* What is needed
From the listing below, please restate exactly the lines beginning at the one with "Нежный с семгой ролл" and ending at the one with "Certified 2022 Mercedes-Benz", both included, and skip the pictures.

*** Records provided ***

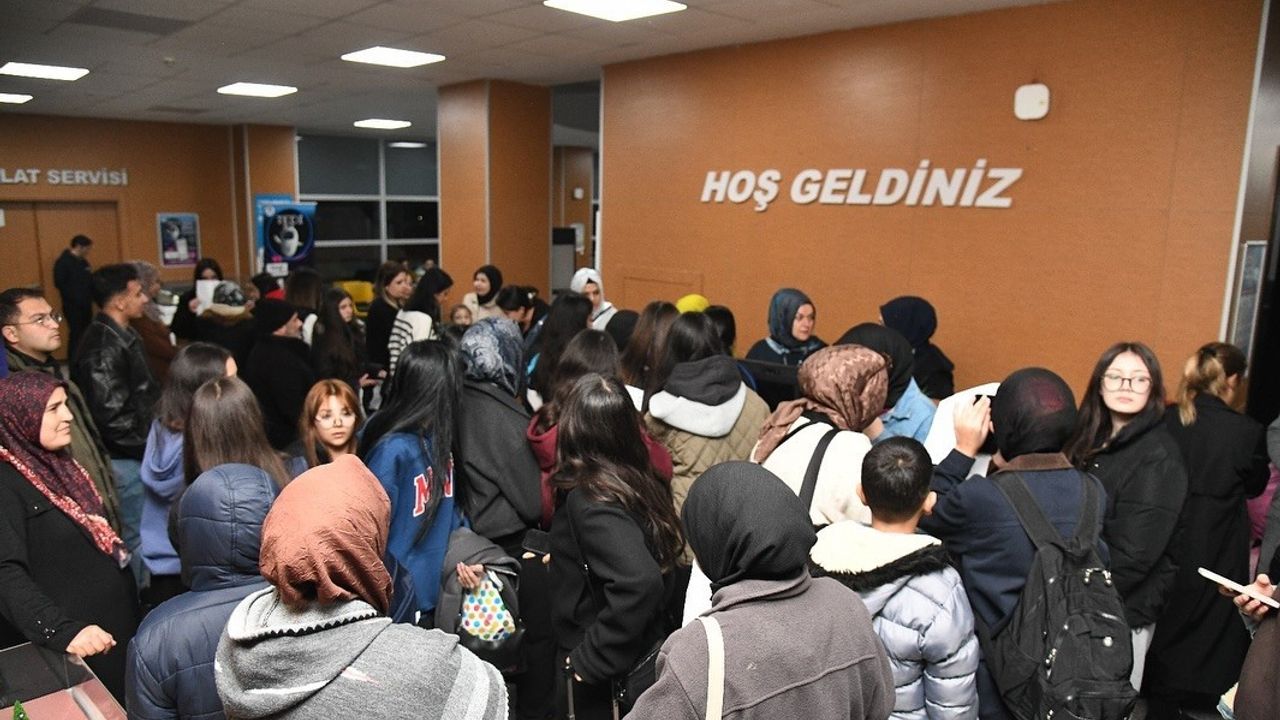 Pursaklar'dan Mersin Silifke'ye: 15-20 Yaş Genç Kızlardan Oluşan Kafile Gençlik Kampına Uğurlandı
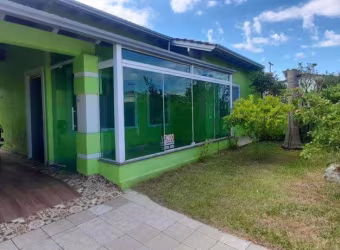 Casa 4 Dormitórios à venda no Bairro São Francisco com 176 m² de área privativa - 1 vaga de garagem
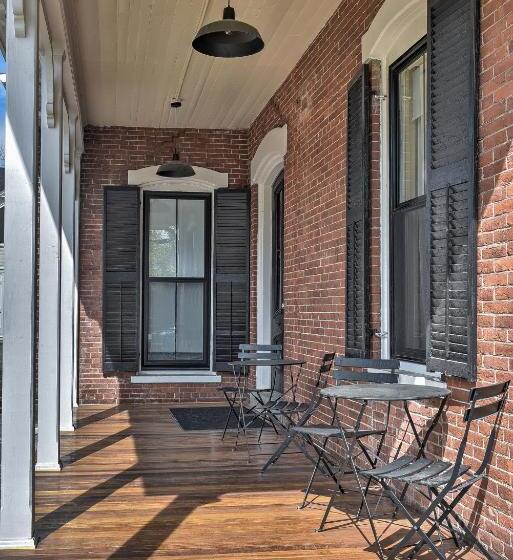 هاستل The Burrell House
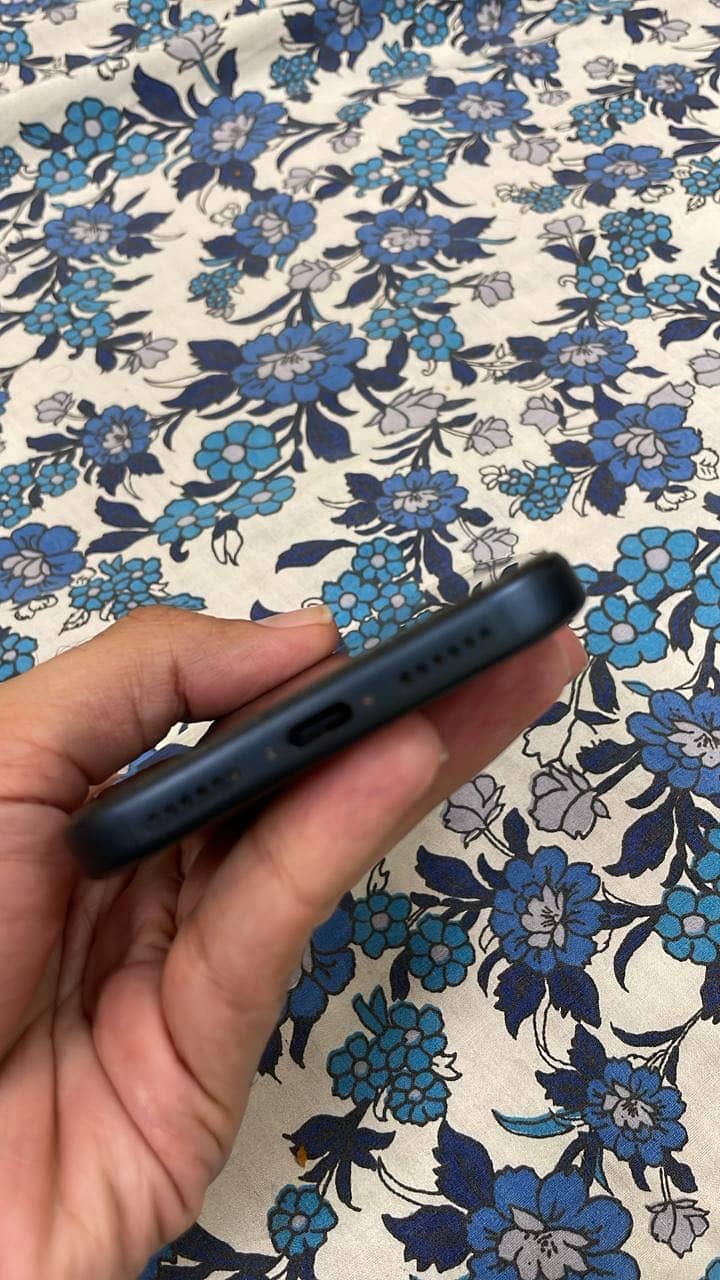 Apple iPhone 17 Pro Max 5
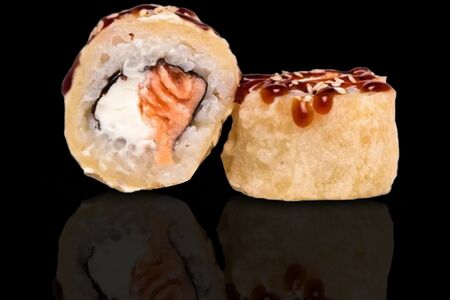 Нежный с семгой ролл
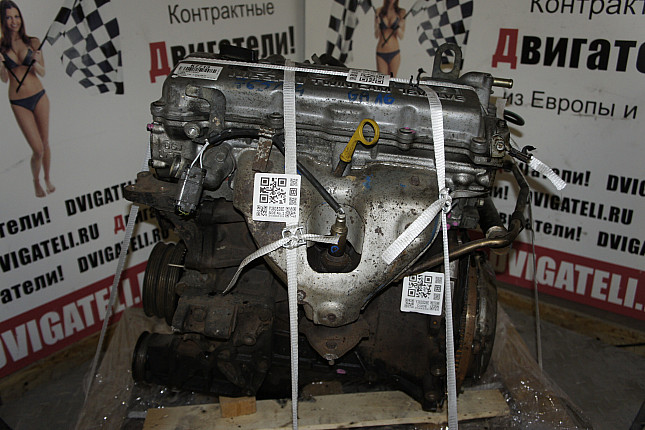 Двигатель вид с боку Nissan GA16DE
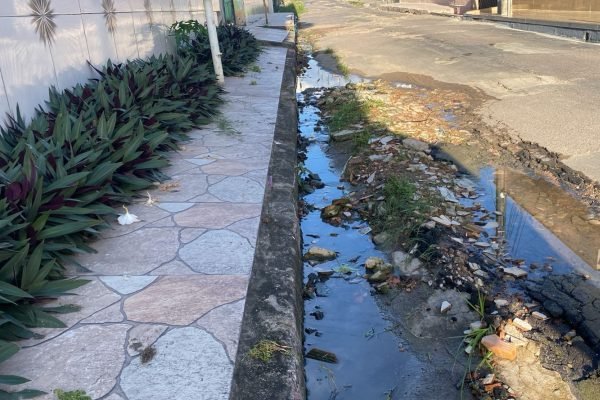 Moradores do Japiim utilizam próprios recursos para tapar buracos nas ruas do bairro (vídeo)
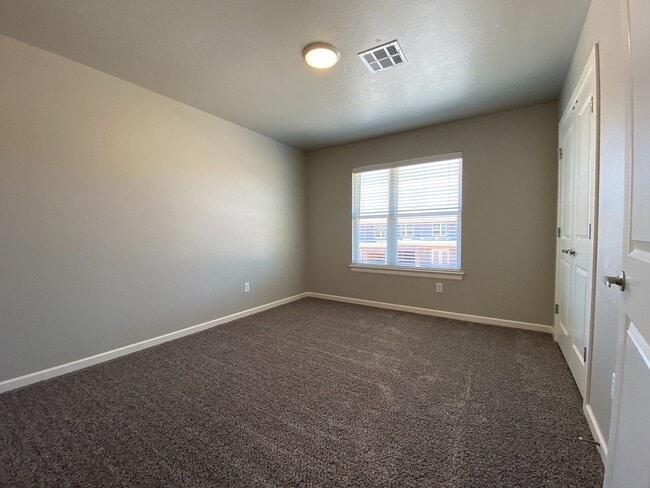 Building Photo - Townhome in Deer Creek Schools!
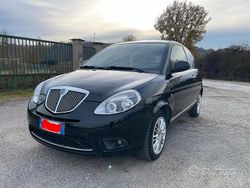 Nero Usata 2011 Lancia Ypsilon Due volumi | 1950 €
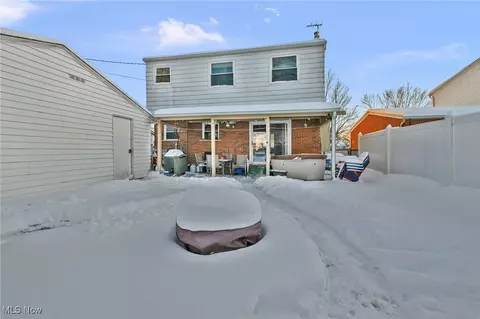 Exterior - 856 Salem Ave, Elyria, OH 44035 photo 3 of 3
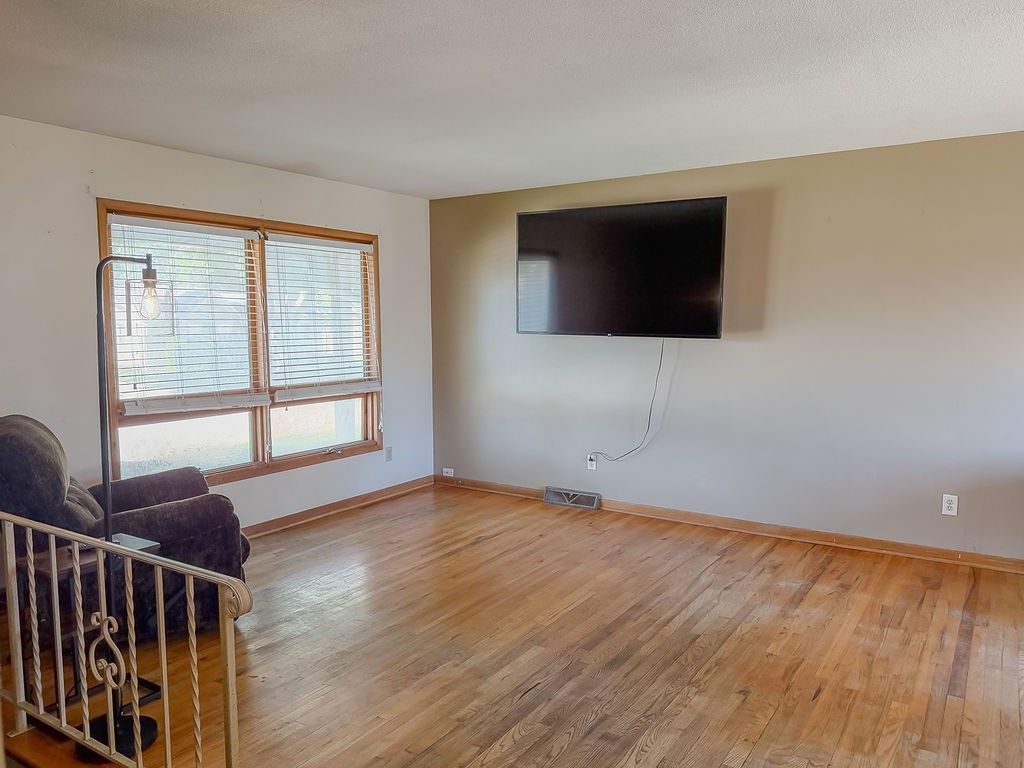 518 NE 3rd Street, Ankeny, IA 50021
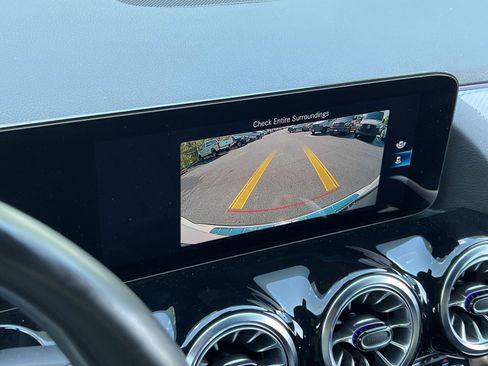Certified 2022 Mercedes-Benz GLA 250 4MATIC image 24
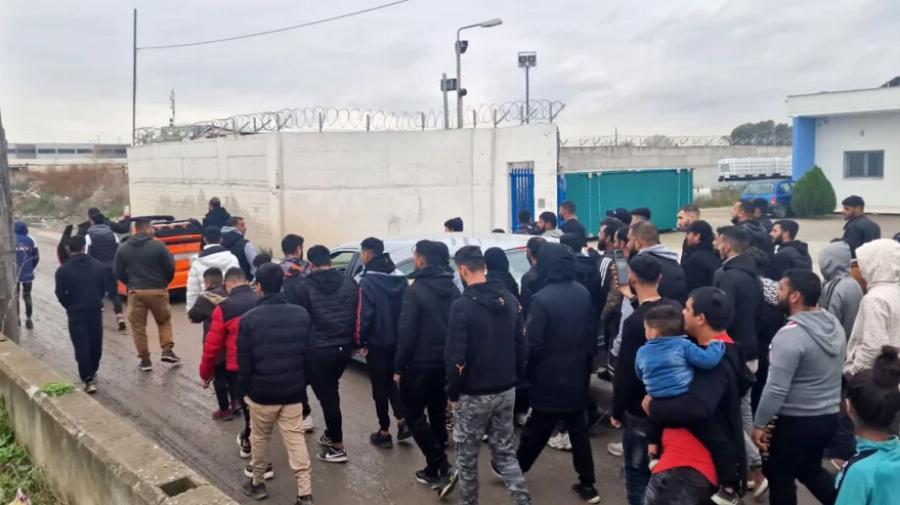 Θάνατος 16χρονου Ρομά: Με πομπή η σορός του Κώστα Φραγκούλη στον οικισμό «Αγία Σοφία» στη Θεσσαλονίκη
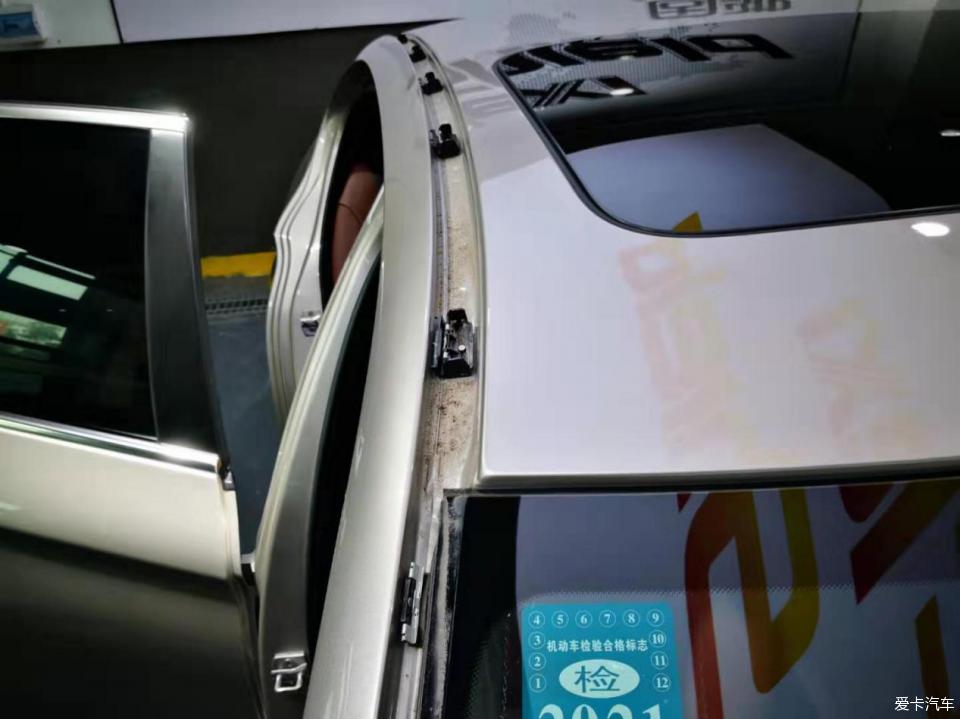 宝马5系贴膜改色罗曼尼红双拼,宝马5系贴膜改色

*** End of Records provided ***

* Answer to this problem
 Нежный с семгой ролл
 Двигатель вид с боку Nissan GA16DE
 Moradores do Japiim utilizam próprios recursos para tapar buracos nas ruas do bairro (vídeo)
 Building Photo - Townhome in Deer Creek Schools!
 Nero Usata 2011 Lancia Ypsilon Due volumi | 1950 €
 Exterior - 856 Salem Ave, Elyria, OH 44035 photo 3 of 3
 518 NE 3rd Street, Ankeny, IA 50021
Certified 2022 Mercedes-Benz GLA 250 4MATIC image 24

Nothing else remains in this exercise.